**AIM OF THE EXERCISE**: Print the line containing "Children's Fleece Hoodie" and all lines after it, unchanged, through the end of the data. Leave the pictures out.

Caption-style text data
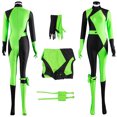 thumbnail image 2 of Disfraz de Cosplay de Shego, disfraz de fantasía de dibujos animados, disfraz de Anime, guantes para mujer, bolsa de pierna, mono, ropa de juego de rol de Halloween, 2 of 5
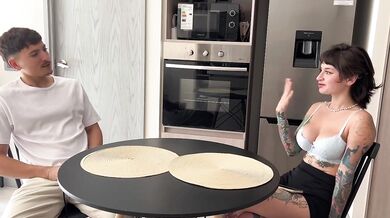 Neighbor badvanne helps tattooed latina bust into her house and takes her big cock deep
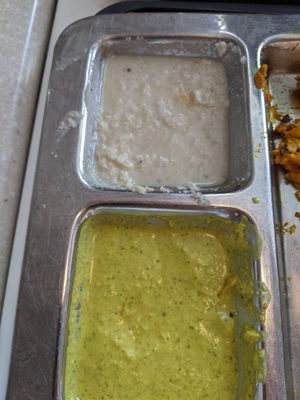 Coconut and mint chutneys at Saravana Bhavan - Suria KLCC in Kuala Lumpur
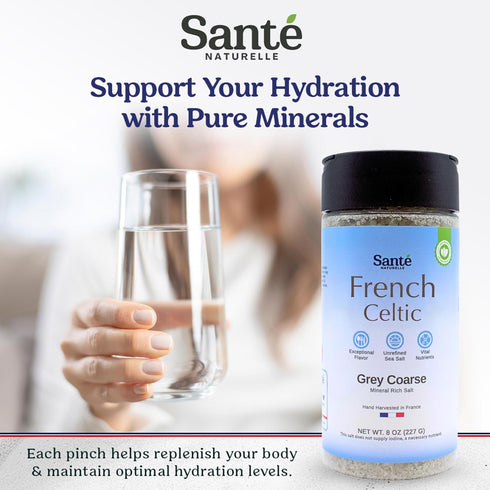 8 oz. 82+ 100% Sante Naturelle Celtic Salt Organic Grey Coarse Shaker - Mineral Salt, Unrefined French Sea Salt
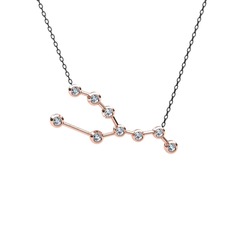 Taurus Kolye - Beyaz zirkon 18 ayar rose altın kolye (40 cm gümüş rolo zincir) #qbrl2r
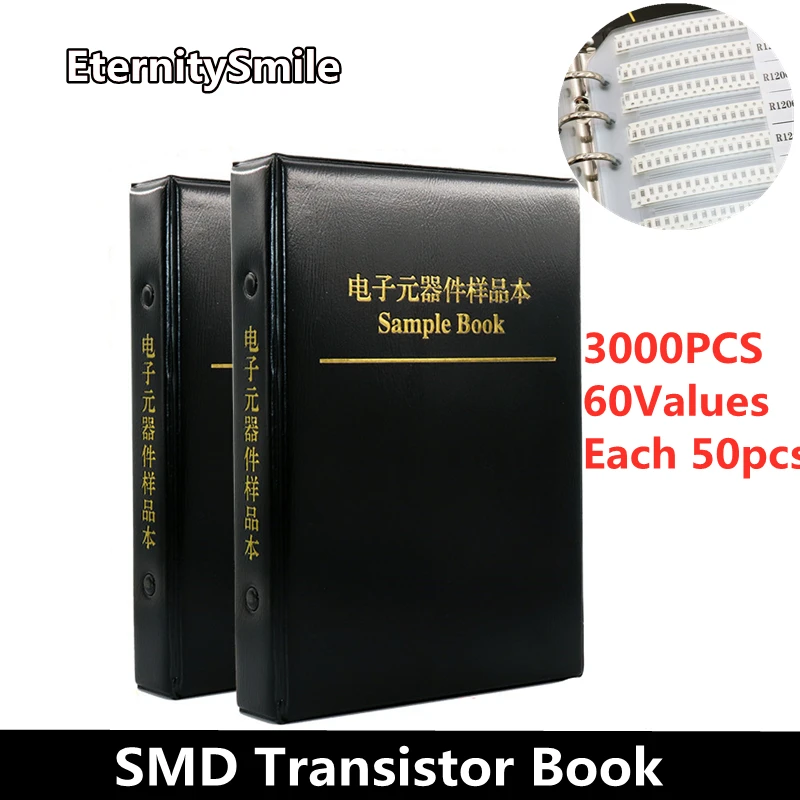 

525/3000Pcs SMD Transistor Triode Kit 60 Values SOT-23 Commonly Assorted Sample Book Chip Triode Book S9012 S8050 2SA733 2SC945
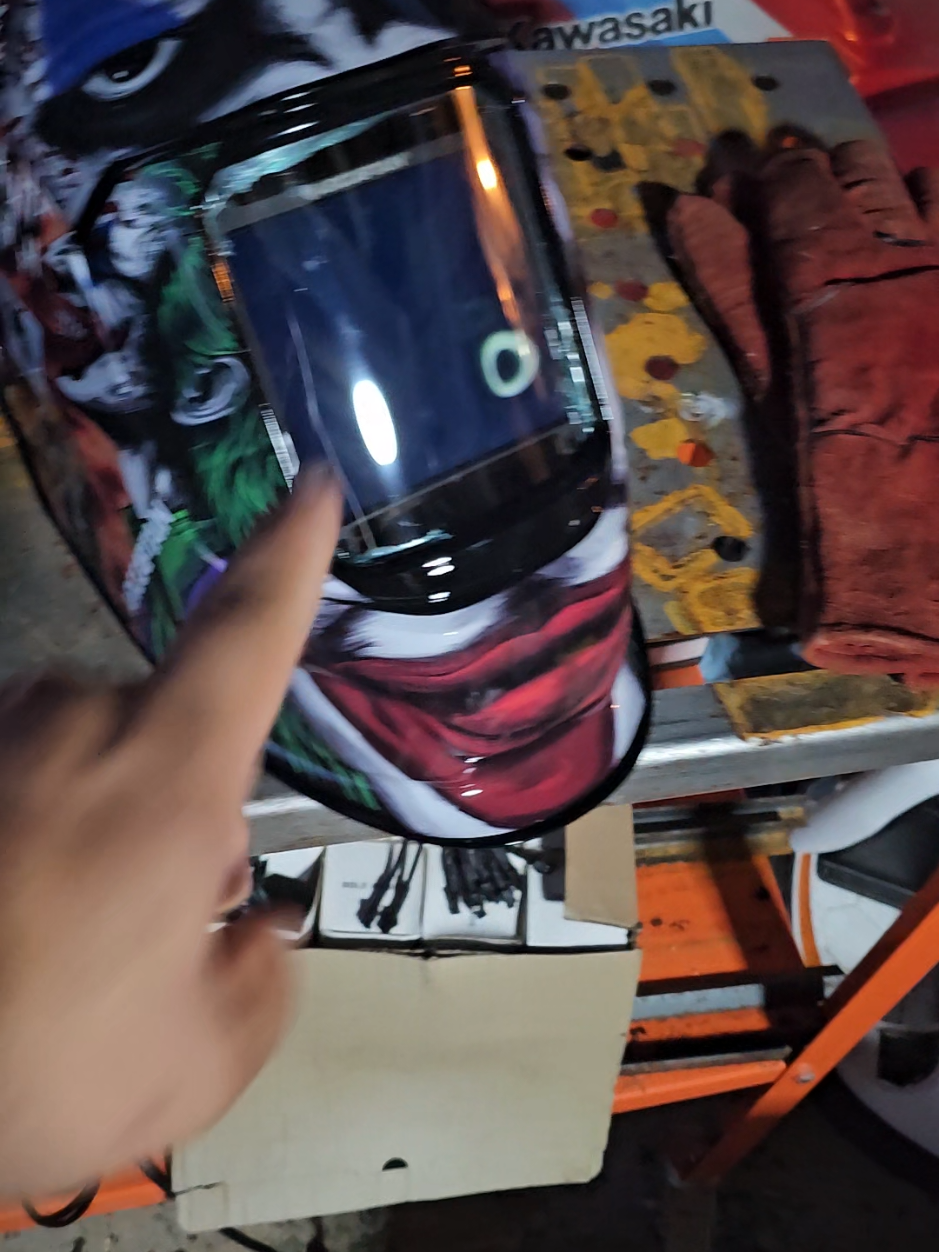 Nicest welding helmet I own.  #backtoschool #welding #weldinghelmet #joker #thejoker 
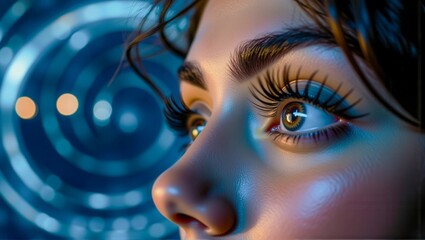 Wall Mural - A woman with long brown hair and brown eyes is looking at the camera. The image has a futuristic feel to it, with a blue background and a circular pattern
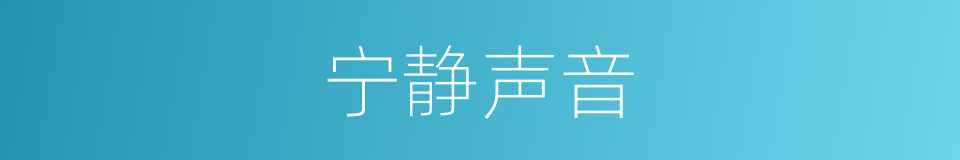 宁静声音的同义词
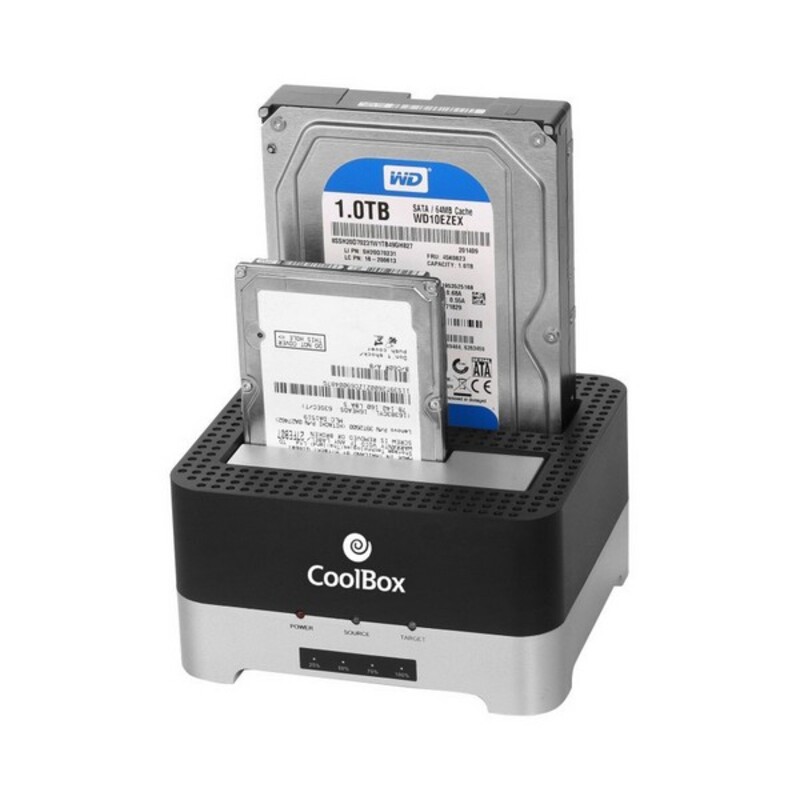 Caja Externa CoolBox COO-DUPLICAT2 2,5"-3,5" SATA USB 3.0 Negro Blanco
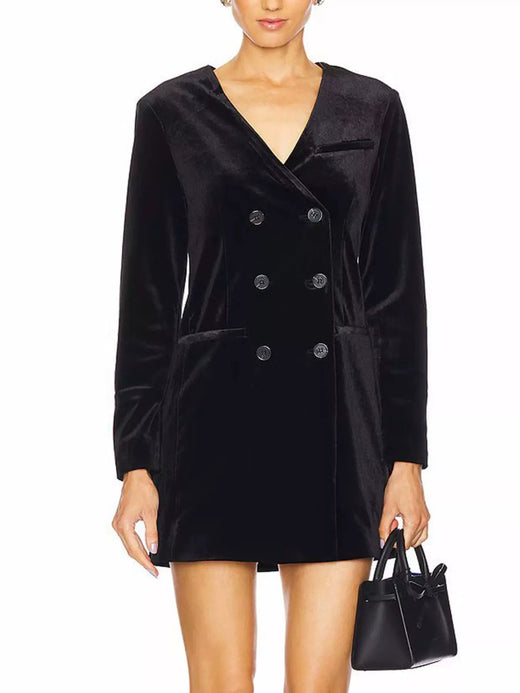 Velvet Double-Breasted Blazer Dress - alternate view 5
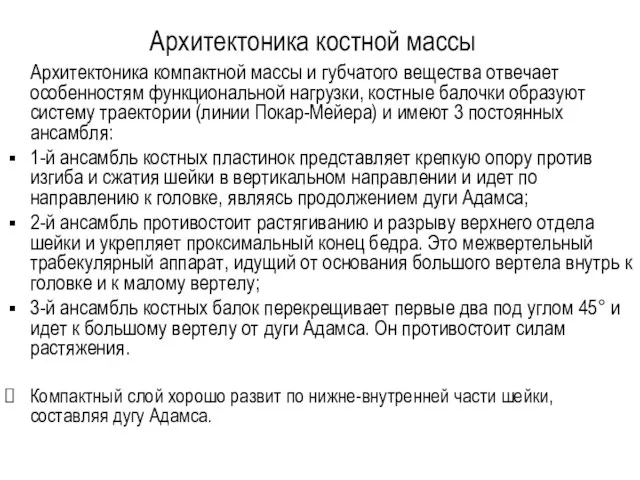 Архитектоника костной массы Архитектоника компактной массы и губчатого вещества отвечает особенностям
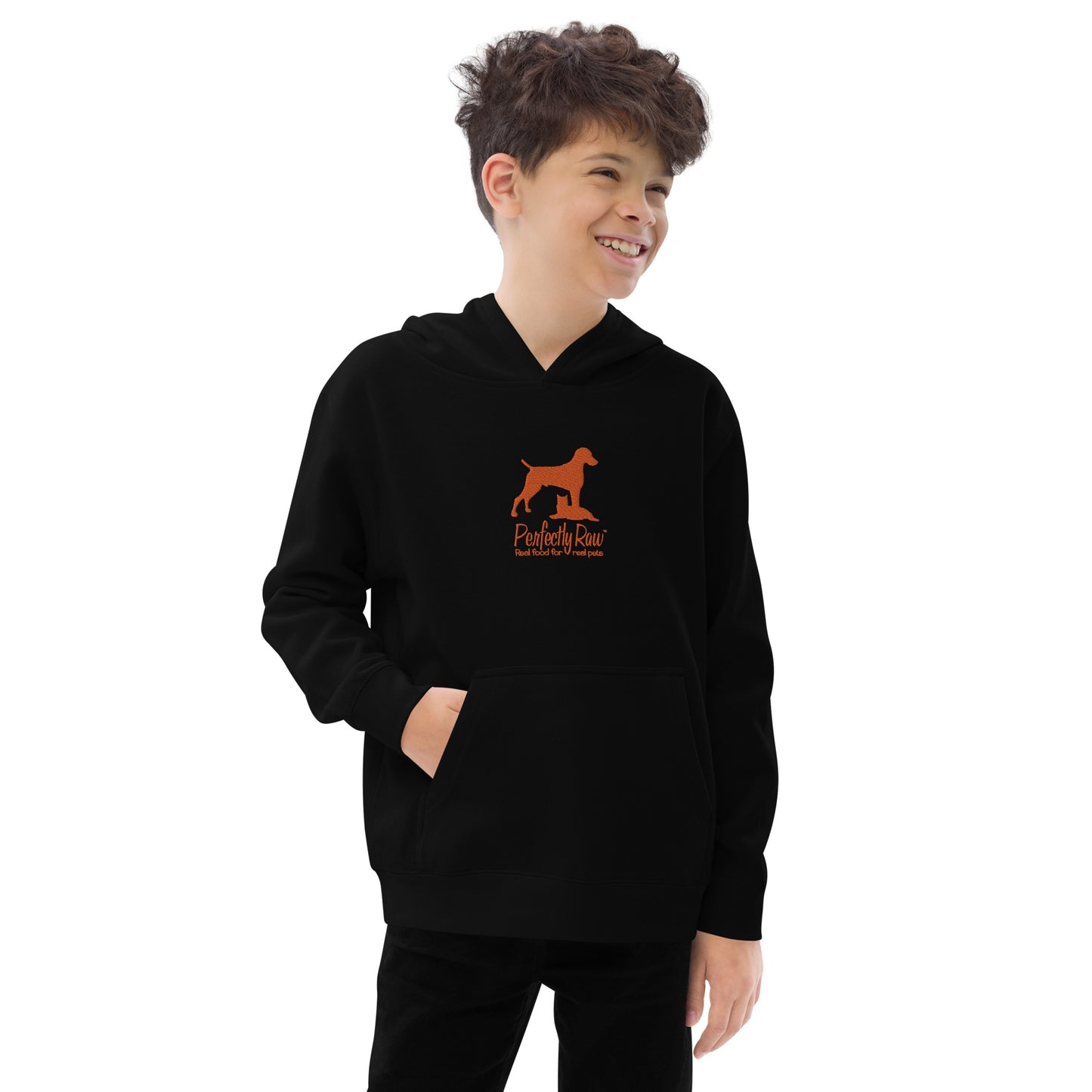Children's Fleece Hoodie "PERFECTLY RAW PET FOOD" Embroidered in Pumpkin Orange on Classic White or Basic Black
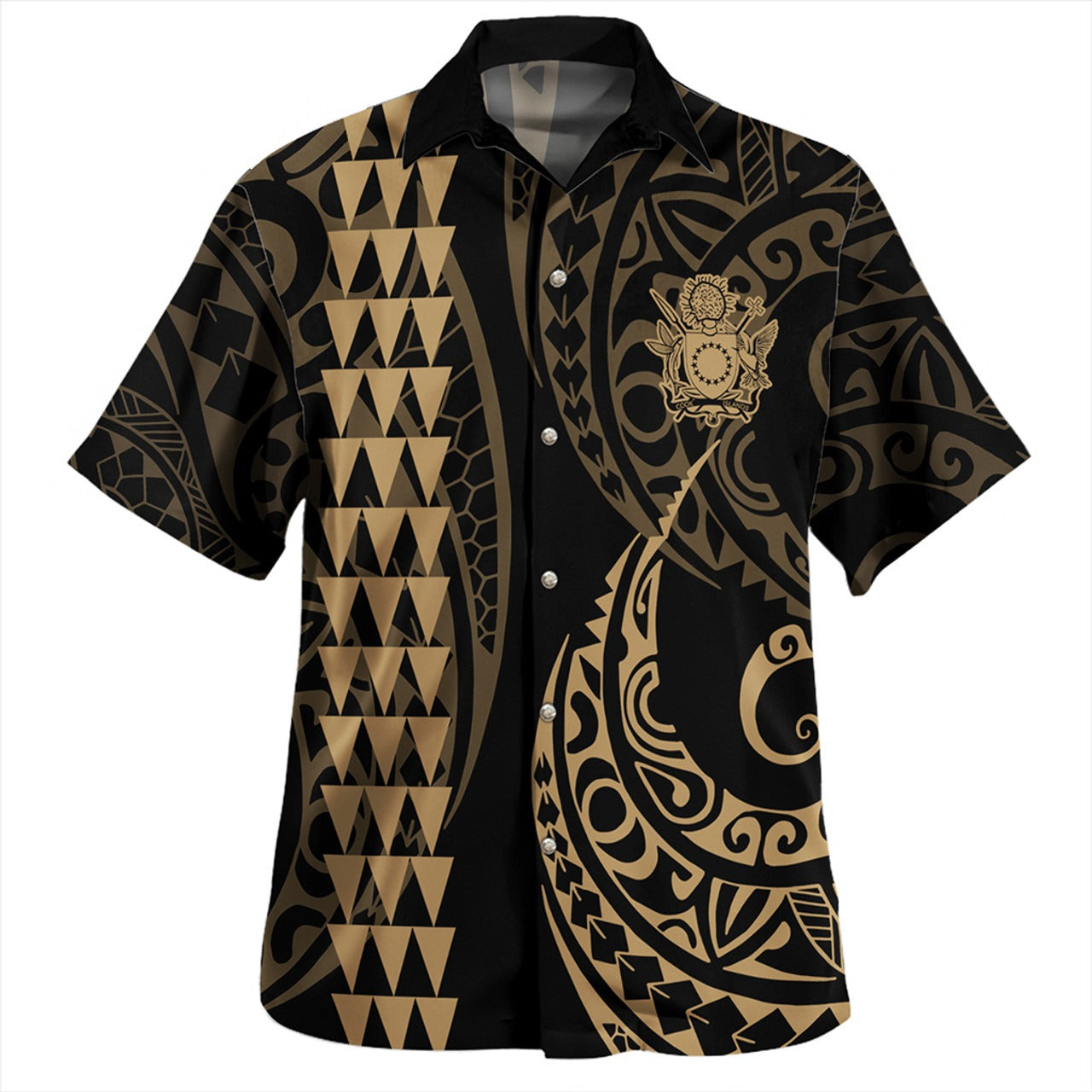 Cook Islands Combo Puletasi And Shirt Kakau Style Gold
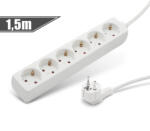 Delight Extensie de distribuție a energiei electrice de la rețea 1, 5 m 6 10/16A 250V (3 x 1) Alb 20210 (20210D)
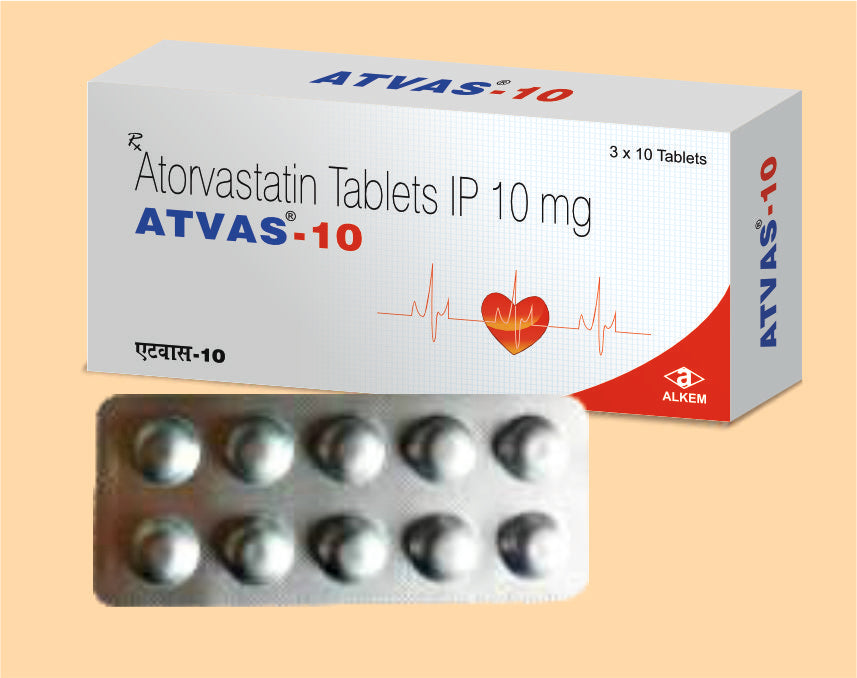 Atvas 10 (3X10'S) (10'S) Atorvastatin 10 Mg By Alkem1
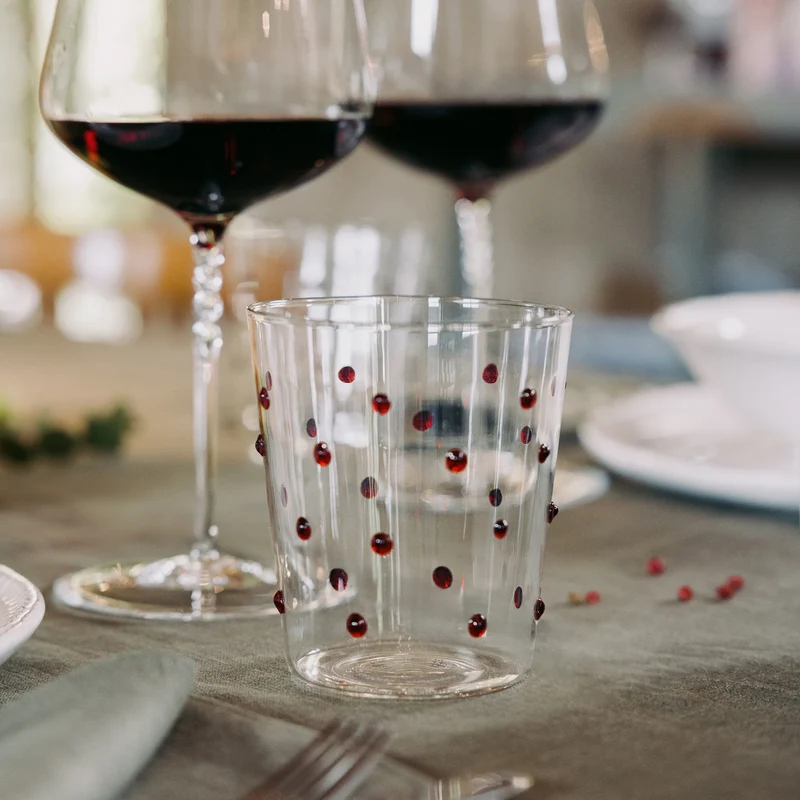 45 cl - Party Bicchiere Bibita Pallini Colorati in Vetro Borosilicato - Set 6 Pezzi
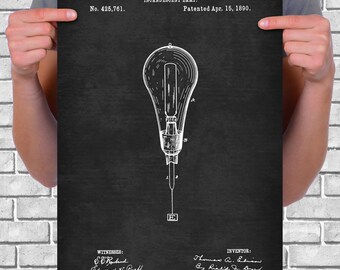 Vintage 1890 "Lamp" by Thomas Edison, Patent Drawing, Retro Art Print Poster, Canvas, Wall Art, Home Decor, Light Bulb Invention, Gift Idea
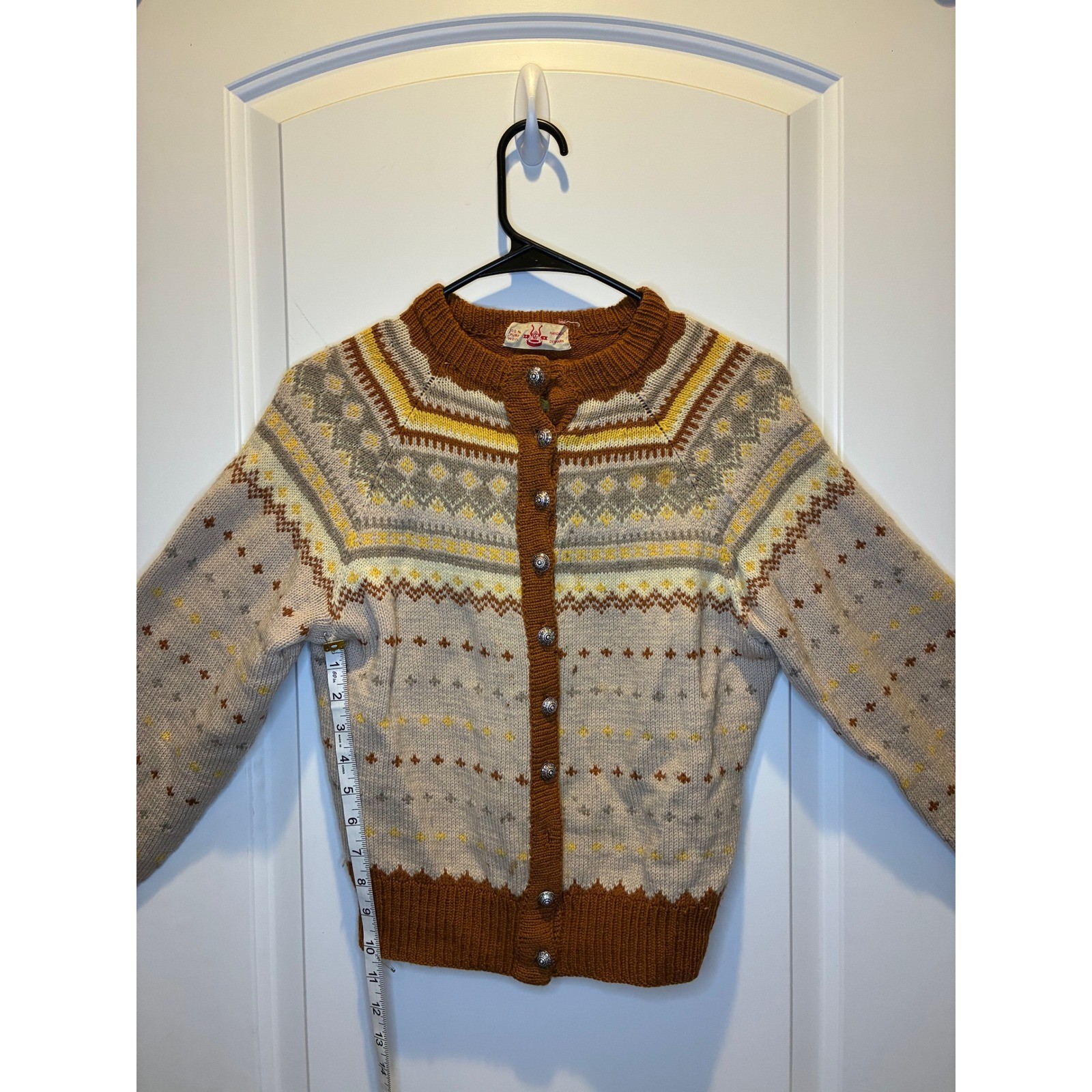 Womens Vintage Style 100% Wool Button Down Sweater Patterned Size XS/S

**COMPLETED EXERCISE**:
Children's Fleece Hoodie "PERFECTLY RAW PET FOOD" Embroidered in Pumpkin Orange on Classic White or Basic Black
 Cook Islands Combo Puletasi And Shirt Kakau Style Gold
 Delight Extensie de distribuție a energiei electrice de la rețea 1, 5 m 6 10/16A 250V (3 x 1) Alb 20210 (20210D)
 Atvas 10 (3X10'S) (10'S) Atorvastatin 10 Mg By Alkem1
 45 cl - Party Bicchiere Bibita Pallini Colorati in Vetro Borosilicato - Set 6 Pezzi
 Vintage 1890 "Lamp" by Thomas Edison, Patent Drawing, Retro Art Print Poster, Canvas, Wall Art, Home Decor, Light Bulb Invention, Gift Idea
 Womens Vintage Style 100% Wool Button Down Sweater Patterned Size XS/S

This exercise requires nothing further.